=== Required action ===
Look in the data below for the line that has "Black Cotton Spandex", then print exactly every line from there through the line that has "Minimalistyczny żyrandol mid-century, metal, mosiądz, lata", leaving pictures out.

##### Stored data #####

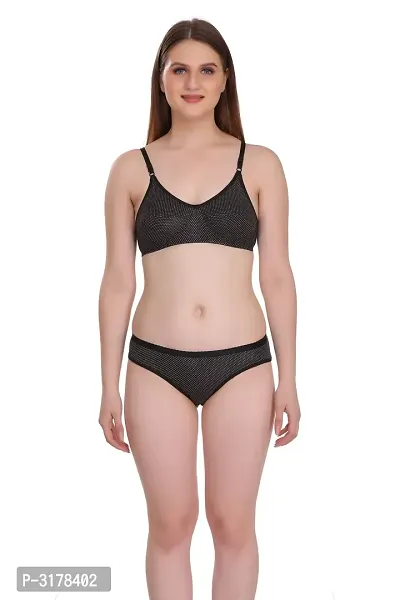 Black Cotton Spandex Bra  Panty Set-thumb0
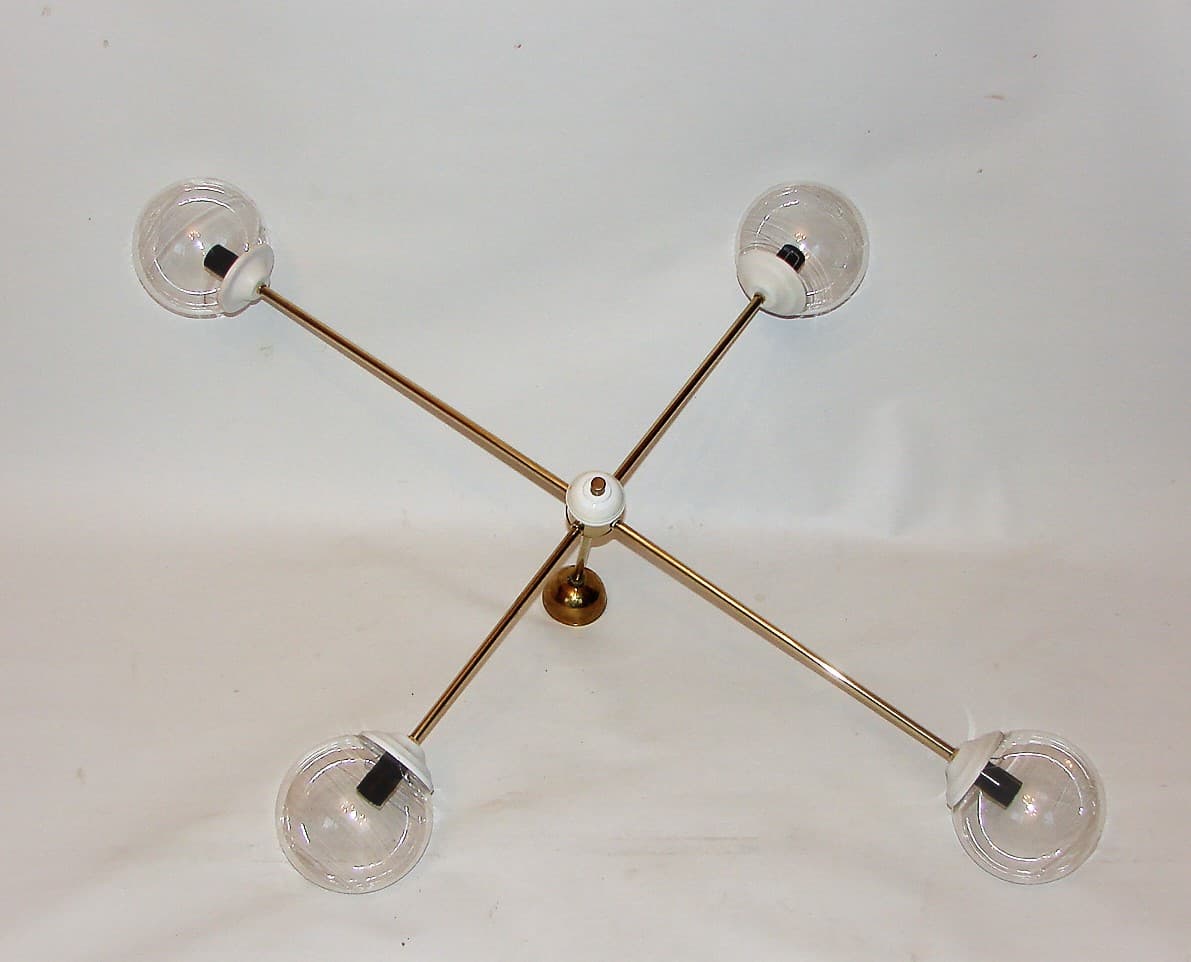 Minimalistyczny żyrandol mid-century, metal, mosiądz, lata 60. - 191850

#####
##### Stored data #####

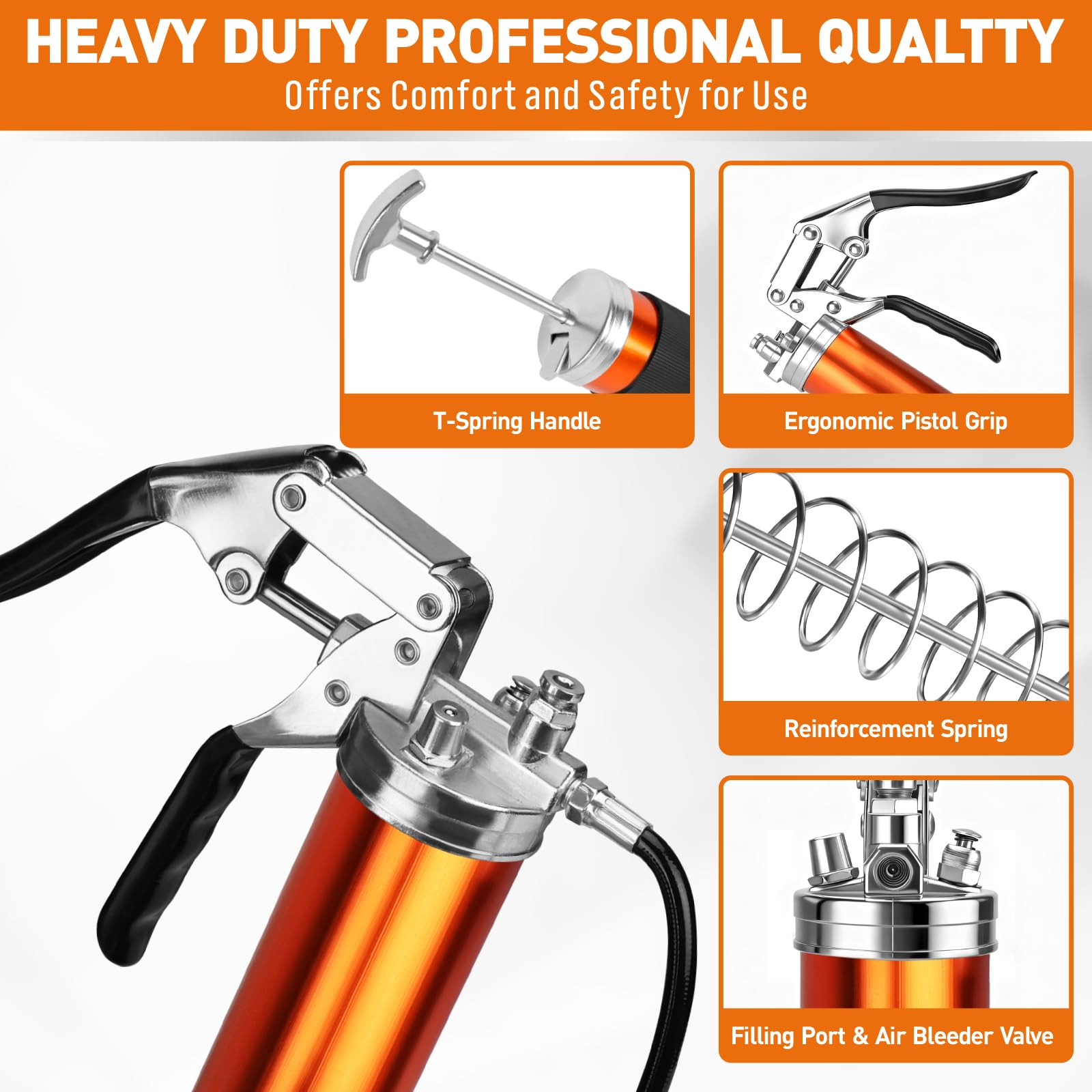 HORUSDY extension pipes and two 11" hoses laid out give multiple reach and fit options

#####

=== Answer for the task ===
 Black Cotton Spandex Bra  Panty Set-thumb0
 Minimalistyczny żyrandol mid-century, metal, mosiądz, lata 60. - 191850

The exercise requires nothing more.